O docente detalha que o adensamento populacional em áreas de risco provoca uma série de consequências: piora o escoamento de água superficial, altera a geometria das encostas, aumenta o nível de infiltração da água de chuva (o que acarreta a elevação do nível de água do lençol freático e diminui a resistência dos solos das encostas), elimina as áreas com cobertura vegetal (mesmo que seja vegetação rasteira – grama) e coloca sobrecargas (mais peso) das próprias casas sobre as encostas.

Além do alto índice pluviométrico na região, o local dos acidentes possui um tipo de formação geológica mais suscetível à ocorrência de escorregamentos. Aliado a um período em que as chuvas são mais intensas, os deslizamentos se tornam mais recorrentes.

Esse cenário proporcionou a intensificação da tragédia e, na avaliação do professor, a responsabilidade deve ser dividida entre as esferas municipal, estadual e federal. 

Todavia, a grande maioria das prefeituras não possui recursos suficientes para implantação de uma política de prevenção à ocorrência de escorregamentos de encostas. “Somente as prefeituras mais ricas e também as cidades que já possuem um histórico de problemas relacionados a deslizamentos”, diz o docente, lembrando que o litoral norte não possuía nenhum tipo de sistema de sirenes de alerta, como acontece em outras cidades que já possuem histórico desse problema.

O sistema de sirenes para escorregamentos possui um funcionamento e uma estrutura parecidos com o sistema de sirenes para cidades situadas próximas de barragens de rejeito de mineradoras. Existe um responsável por analisar todas as informações referentes à ocorrência de chuvas fortes que aciona a sirene; esta emite, além do seu som característico, um aviso sonoro (“Moradores: risco de escorregamento, abandonem suas casas e se dirijam a um abrigo”). Desta forma, os moradores, que já devem ter participado de vários treinamentos e simulações, tanto para o abandono das suas moradias, quanto para saber onde ficam os abrigos (geralmente escolas, quadras esportivas, galpões), podem se dirigir a eles e conseguem sair a tempo de suas casas, ficar abrigados de forma temporária, evitando a ocorrência de mais vítimas fatais.

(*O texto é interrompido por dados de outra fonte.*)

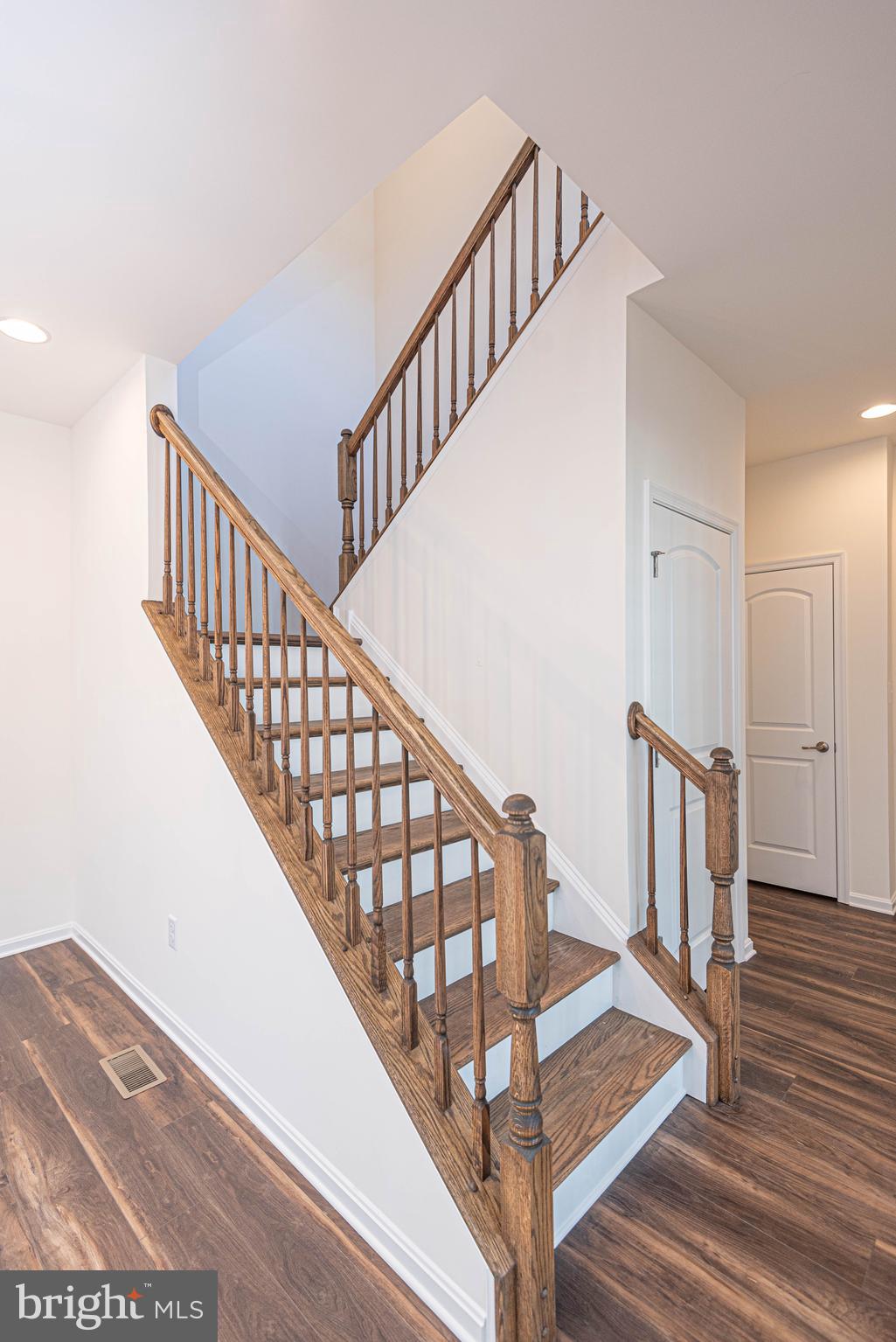 211 Prospect Street Milton, DE 19968 - Photo 38 of 64 a view of staircase with wooden floor and white walls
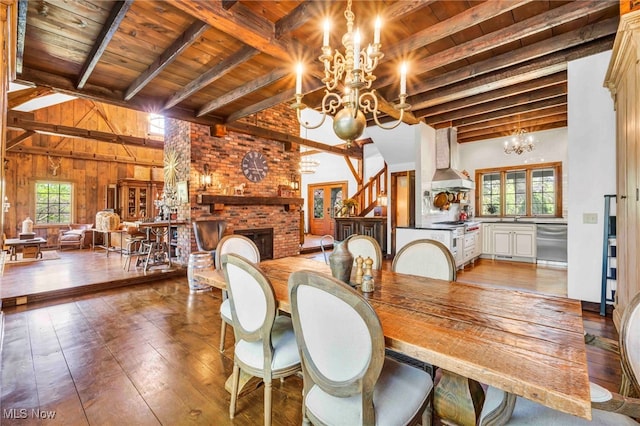 dining area with wood-type flooring, a brick fireplace, beamed ceiling, a chandelier, and wooden ceiling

“Não adianta apenas lamentar e tomar apenas ações emergenciais a cada acidente provocado por escorregamentos de encostas em áreas de risco – é preciso que o Poder Público, nas três esferas de atuação, elabore políticas de planejamento de uso do solo adequadas, que sejam postas em prática, para que as tragédias deixem de ser anunciadas e não aconteçam mais”, conclui o professor.